If you can compute (a not too pessimistic upper bound on) the number of characters that need to be written to the buffer cheaply, you can offer a function that does that and let the user call it.
It's also possible, but much less convenient, to accept a buffer to be filled in; I've seen quite a few libraries that do that like so:
/*
* Decodes uri-encoded string encoded into buf of length len (including NUL).
* Returns the number of characters written.

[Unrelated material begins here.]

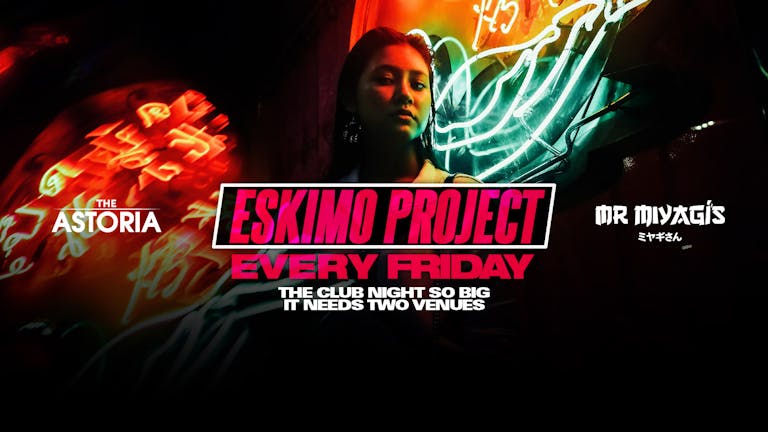 The Eskimo project, the event so big it takes over both Mr Miyagis and The Astoria. Portsmouth’s only four room club night.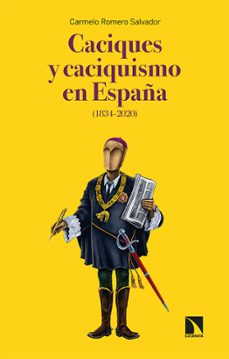 caciques y caciquismo en españa (1834-2020)-9788413522128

If that number is less than len,
* nothing is written and you should try again with a larger buffer.
*/
size_t net_uri_to_text(char const *encoded, char *buf, size_t len)
{
size_t space_needed = 0;
while (decoding_needs_to_be_done()) {
// decode characters, but only write them to buf
// if it wouldn't overflow;
// increment space_needed regardless
}
return space_needed;
}
Now the caller is responsible for the allocation, and would do something like
size_t len = SOME_VALUE_THAT_IS_USUALLY_LONG_ENOUGH;
char *result = xmalloc(len);
len = net_uri_to_text(input, result, len);
if (len > SOME_VALUE_THAT_IS_USUALLY_LONG_ENOUGH) {
// try again
result = xrealloc(input, result, len);
}
(Here, xmalloc and xrealloc are "safe" allocating functions that I made up to skip NULL checks.)
The thing is that C is low-level enough to force the programmer to get her memory management right. In particular, there's nothing wrong with returning a malloc()ated string. It's a common idiom to return mallocated obejcts and have the caller free() them.

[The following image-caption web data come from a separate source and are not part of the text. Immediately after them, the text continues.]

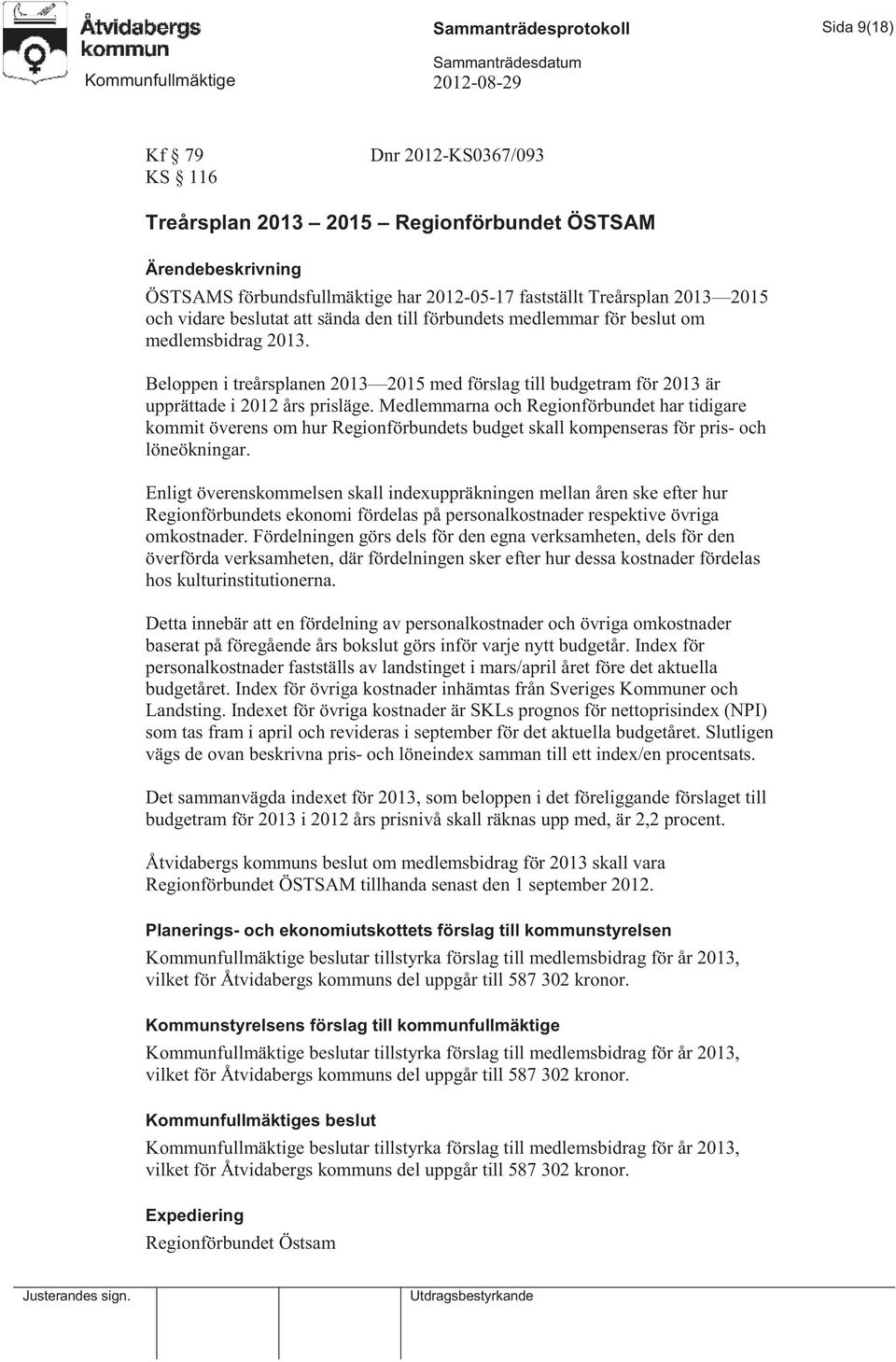 Beloppen i treårsplanen 2013 2015 med förslag till budgetram för 2013 är upprättade i 2012 års prisläge.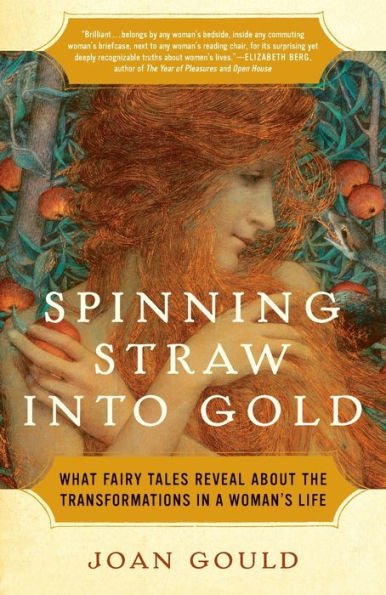 Spinning Straw into Gold: What Fairy Tales Reveal About the Transformations in a Woman's Life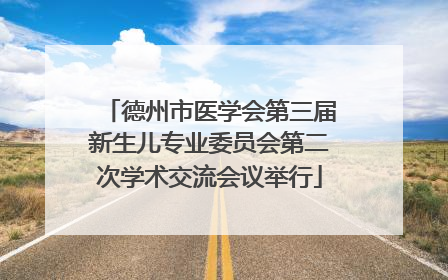 德州市医学会第三届新生儿专业委员会第二次学术交流会议举行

And anyways, if you don't like this approach, you can always take a pointer to the string and modify it from inside the function (after the last use, it will still need to be free()d, though).
One thing, however, that I don't think is necessary is explicitly shrinking the string. If the new string is shorter than the old one, there's obviously enough room for it in the memory chunk of the old string, so you don't need to realloc().
(Apart from the fact that you forgot to allocate one extra byte for the terminating NUL character, of course...)
And, as always, you can just return a different pointer each time the function is called, and you don't even need to call realloc() at all.
If you accept one last piece of good advice: it's advisable to const-qualify your input strings, so the caller can ensure that you don't modify them. Using this approach, you can safely call the function on string literals, for example.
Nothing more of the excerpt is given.